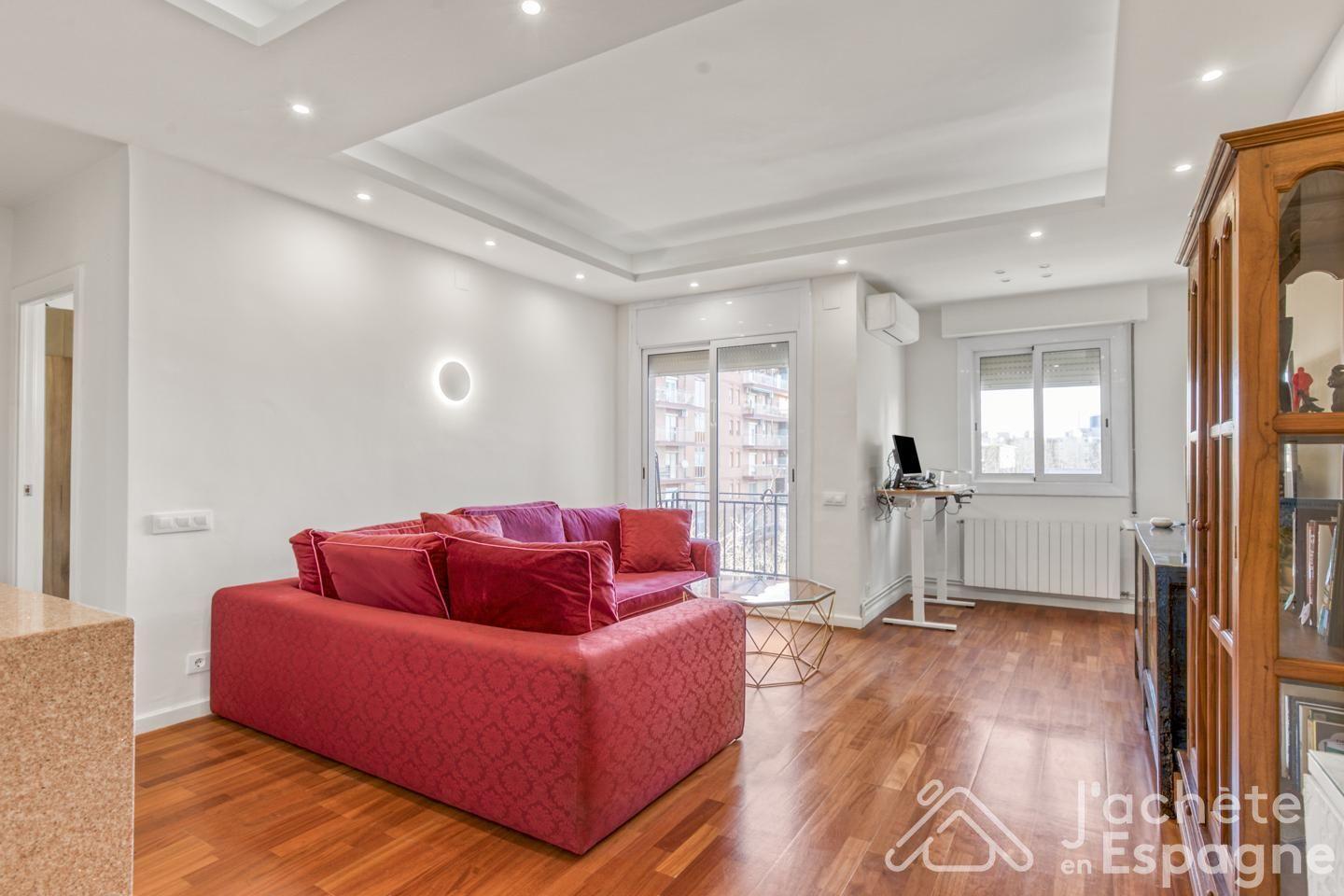 Flat for Sale in Barcelona
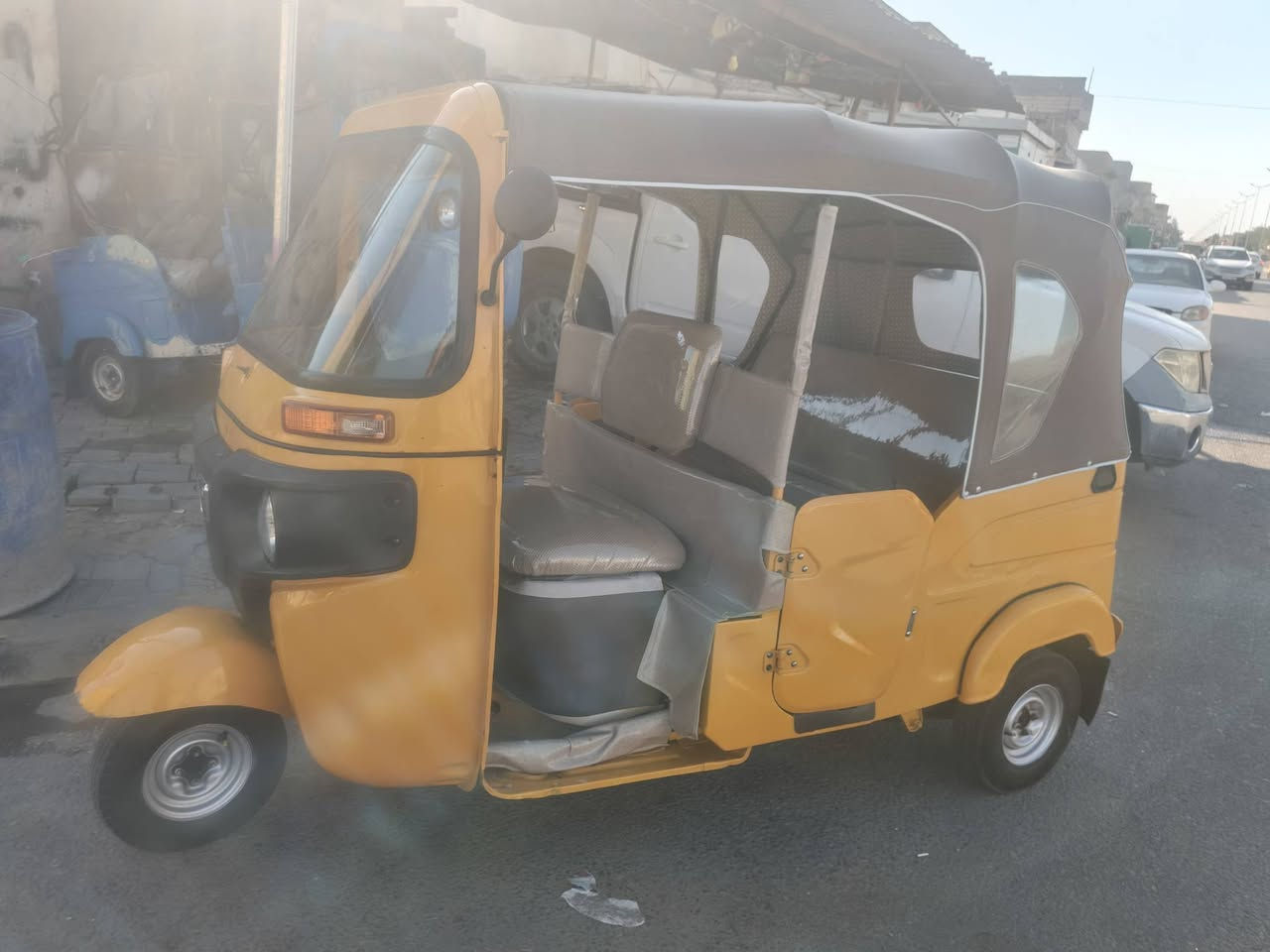تكتك كلش نضيفه وحلوه وجاهزه الشغل ما بيها نقص مديل 22
رقم وسنويه سعر  ثمانيه وربع وبيها مجال حك الجيه  تصال وتساب وعادي ***********
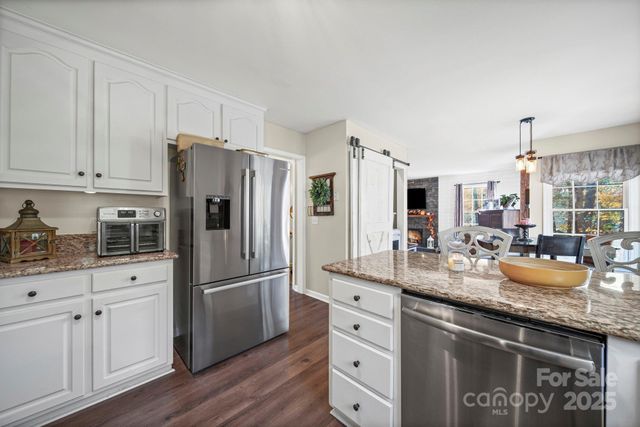 1876 Lorelei Court, Mount Pleasant, NC 28124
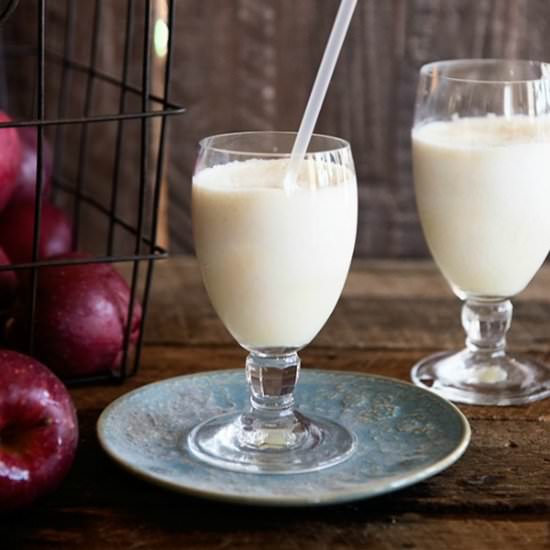 Caramel Apple Smoothie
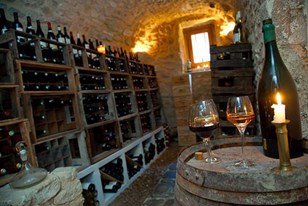 Qui connaît une bonne cave à vins avec d'excellents conseils pour faire un beau cadeau à un grand amateur ?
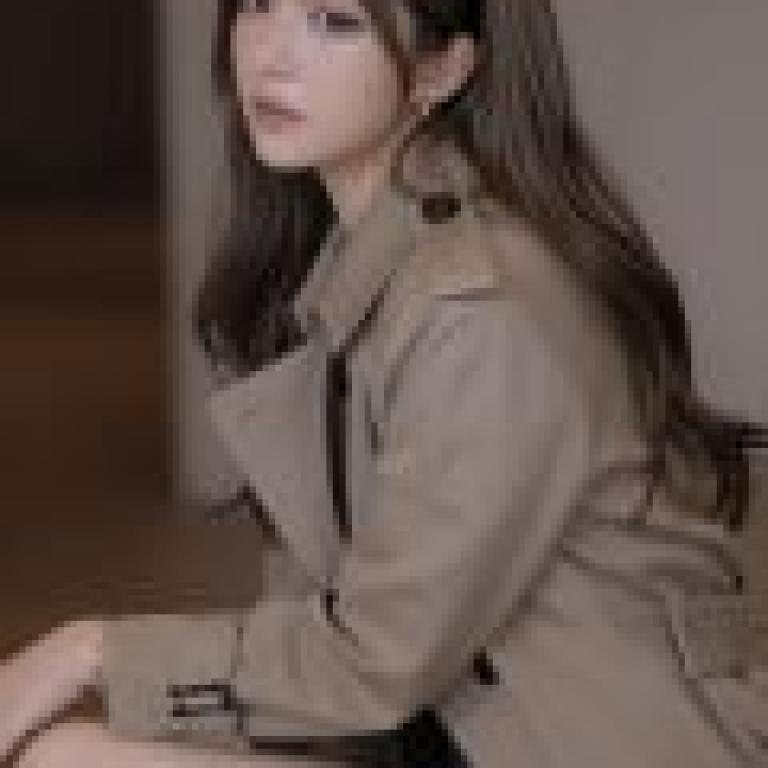 ex girlfriend，Woman wearing a tan trench coat.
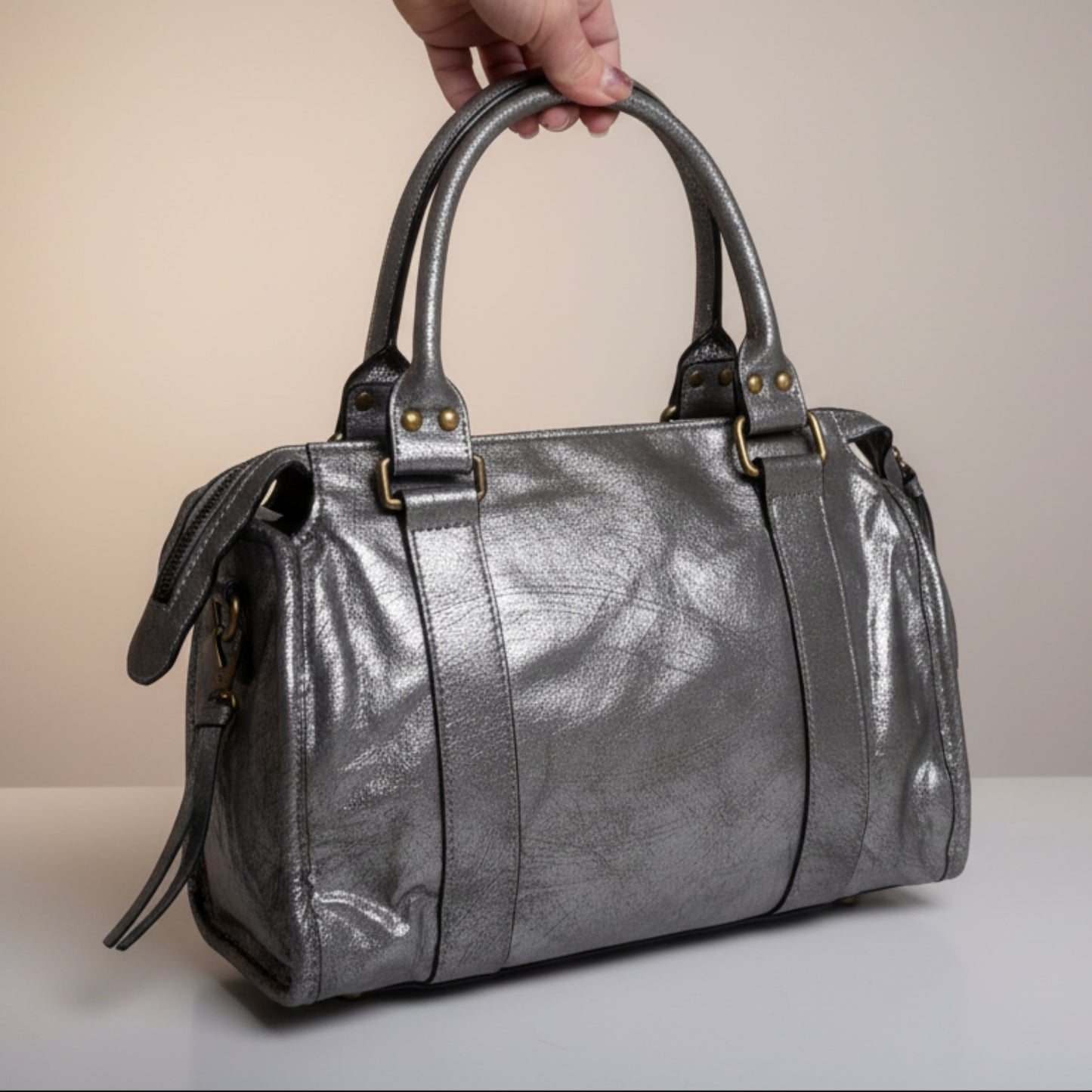 BORSA DONNA ARGENTO A TRACOLLA E MANO ELEGANTE-TREND2026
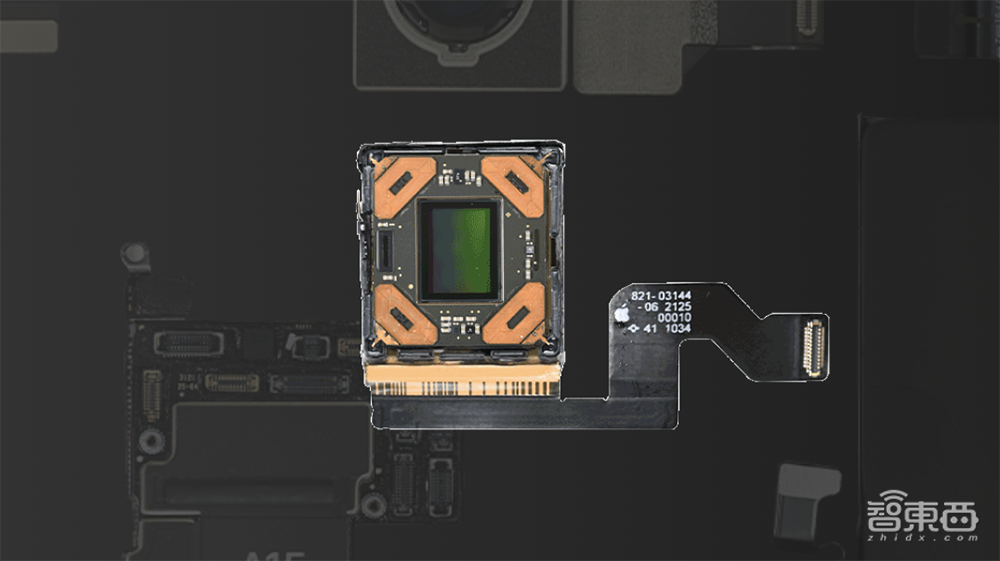 总成本2800元,相机成本涨10倍!十年iPhone难道更便宜了?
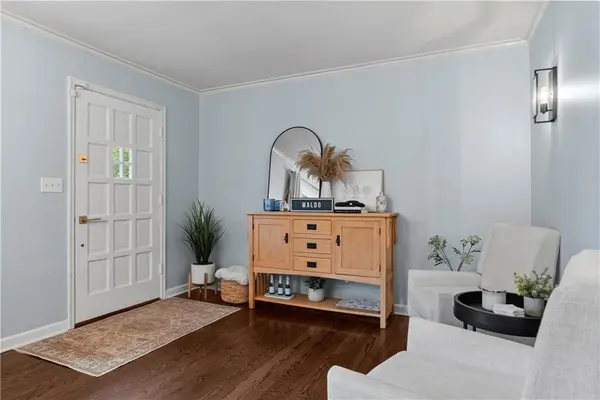 8425 Ward Parkway PLZ, Kansas City, MO 64114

■ ■ ■ ■ ■

Problem description
Print the data again, word for word, without any pictures.

Solution
 Flat for Sale in Barcelona
تكتك كلش نضيفه وحلوه وجاهزه الشغل ما بيها نقص مديل 22
رقم وسنويه سعر  ثمانيه وربع وبيها مجال حك الجيه  تصال وتساب وعادي ***********
 1876 Lorelei Court, Mount Pleasant, NC 28124
 Caramel Apple Smoothie
 Qui connaît une bonne cave à vins avec d'excellents conseils pour faire un beau cadeau à un grand amateur ?
 ex girlfriend，Woman wearing a tan trench coat.
 BORSA DONNA ARGENTO A TRACOLLA E MANO ELEGANTE-TREND2026
 总成本2800元,相机成本涨10倍!十年iPhone难道更便宜了?
 8425 Ward Parkway PLZ, Kansas City, MO 64114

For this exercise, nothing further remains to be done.